La molla della fragilità

Quando Romano Prodi accusa il centrodestra di condizionare, per ottenere la ratifica del nuovo sistema elettorale, il presidente della Repubblica con lusinghe e minacce, di fatto insulta un Carlo Azeglio Ciampi che viene presentato come psicolabile e ricattabile. Non è semplicissimo spiegarsi perché il candidato premier del centrosinistra si lanci in un'operazione così spericolata e apparentemente così controproducente, che abbassa il suo profilo già non altissimo di uomo di Stato. Il problema è che Prodi è un leader non assolutamente in grado di guidare la sua coalizione: non ha le capacità di manovra dei vecchi topi d'apparato ex Pci, ora diessini (e neanche quelle di democristiani di lungo corso come Franco Marini) e non ha nemmeno un rapporto carismatico con il suo popolo che l'ha votato ampiamente alle primarie solo perché è colui che unisce un fronte in cui ciò che conta è esclusivamente l'odio per Silvio Berlusconi.

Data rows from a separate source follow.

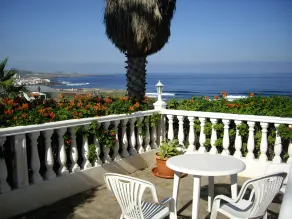 Hus i FINCA med havsutsikt ... Grill, Solarium och terrasser .. - Image 5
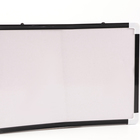 Доска магнитно-маркерная с магнитами и маркером «Классика» 1,5х30х20 см - Фото 3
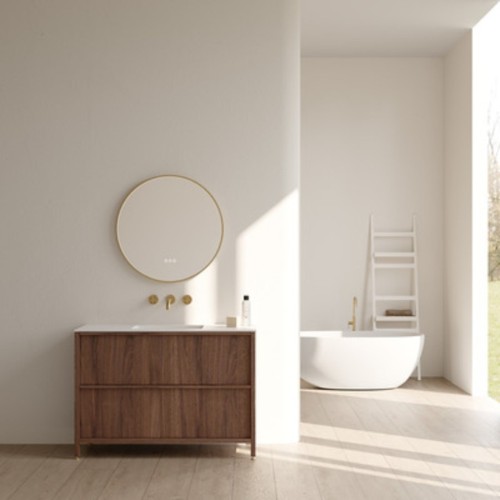 Alba Vanity Range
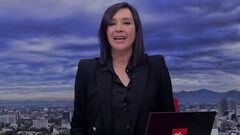 AMLO saluda a migrantes en Washington y más i...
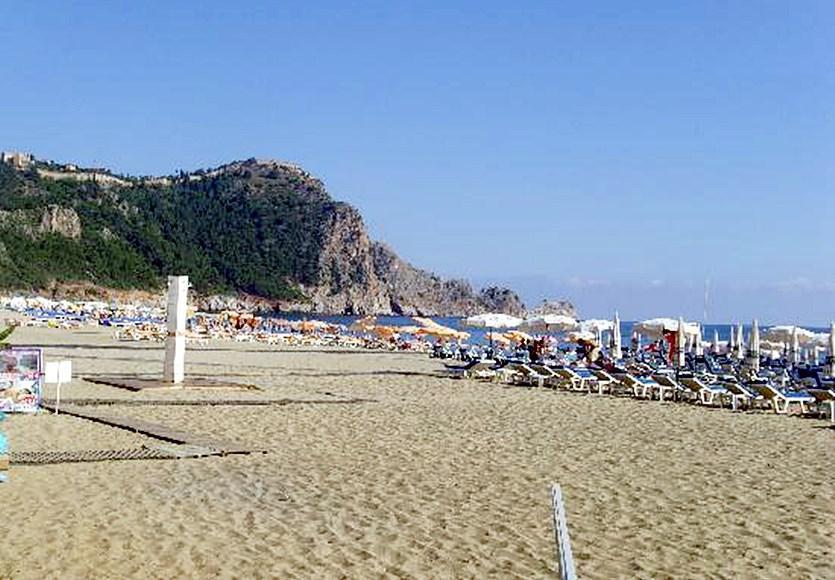 Elysee 3* Alanya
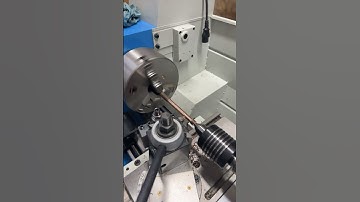 Precision Matthews PM-1130V Knife Pin Machining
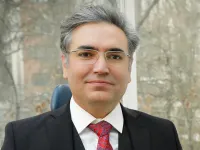 بیوگرافی دکتر حامد عباسی | جراح متخصص پلاستیک بینی در تهران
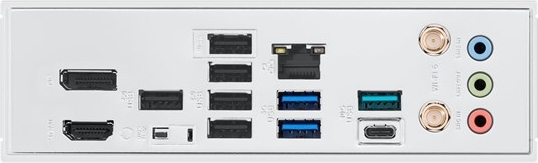 ASUS Prime B850M MAX GAMING WIFI AMD B850 AM5 Soket DDR5 8000+(OC)MHz mATX Gaming Anakart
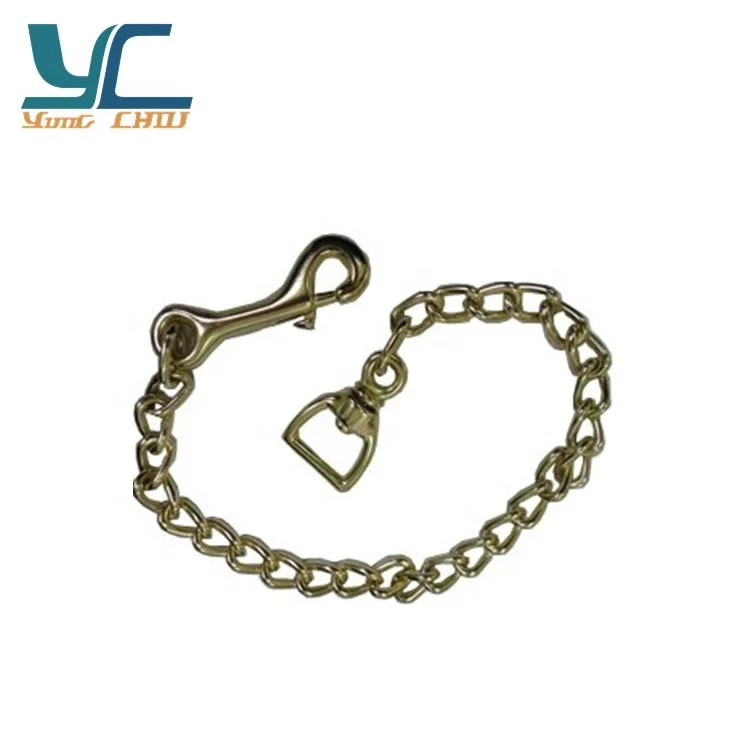 Чугунный ковш для лошадей из ковкого чугуна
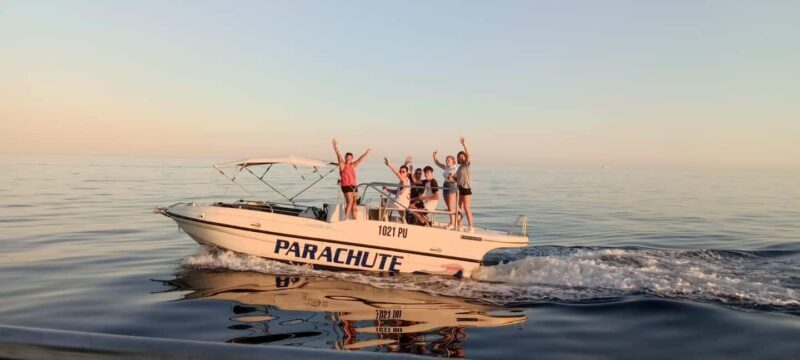 Brijuni Pula Private Boat Excursions - Why Choose a Private Boat Tour in Pula?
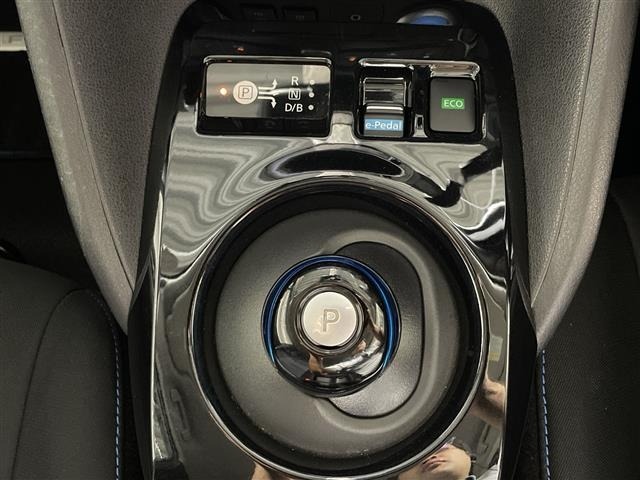 Nissan LEAF 2019 7841328-7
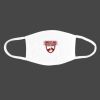 Blank or Custom 3 Ply Cloth Masks (No Minimums) Thumbnail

Prodi non è scelto dai suoi, così massicciamente, per quello che «è» o «è stato». Non è votato per la sua mediocre figura di economista (grande studioso dell'economia delle piastrelle), non per la sua esperienza negativa di manager di Stato e da grande pasticcione nelle consulenze per affari internazionali, non per la sua dimenticabile esperienza di premier licenziato in tronco da Massimo D'Alema o per l'inconsistenza della sua guida della Commissione Europea. Prodi è scelto per quello che non è. Non è «berlusconiano», non è «anticomunista» (ma neanche ex comunista), «non è troppo laicista» ma neanche troppo attento alle preoccupazioni che oggi scuotono la Chiesa, e soprattutto è poco ingombrante: dalla Margherita ai Ds a Rifondazione tutti si ricordano come fu facile condizionarlo (o metterlo da parte quando divenne necessario). Gli unici che lo temono sul serio sono alcuni ambienti economici perché ha troppi omini da piazzare.
È, dunque, la fragilità politica la molla che lo spinge a queste assurde intemerate apparentemente contro il centrodestra, di fatto anticiampiste. Arroventando il clima vuole impedire che i diessini facciano politica sui temi sul tavolo dall'Irak alla Tav, vuole bloccare le manovre di un Carlo De Benedetti che si prepara a incoronare Walter Veltroni, vuole intervenire sulle operazioni del Corriere della sera che non capisce bene e gli paiono troppo filo-Rutelli, vuole condizionare le proposte di candidature alle elezioni che Marini farà per conto della Margherita. Come gli ha spiegato il suo folletto-ideologo Arturo Parisi, il professore bolognese può dominare il centrosinistra solo se produce uno stato d'emergenza continua, se invece di ragionamenti, suscita effervescenza movimentistica, se non si creano assetti ed equilibri stabili nella politica in generale e anche nella sua coalizione. Prodi può contare qualcosa solo se si può presentare come salvatore di una Patria in pericolo, in declino, allo sbando. Il suo unico asset è rappresentare «il male minore» sia nella sfida con il centrodestra sia in quella per la leadership del centrosinistra. Solo in una situazione catastrofica può sperare di non far cogliere i suoi evidenti limiti. Se si ragiona, se si valutano le questioni nel merito, allora tornano i partiti, i loro gruppi dirigenti.

E Prodi si deve mettere il saio, spargersi cenere in testa e scongiurare in ginocchio Marini e Piero Fassino perché gli garantiscano l'elezione almeno del fedelissimo Ricky Franco Levi.
È inutile osservare come questo modo di far politica, provocando turbolenze, non aiuti un'Italia che ha bisogno di serenità per affrontare le sfide difficili di questo inizio secolo.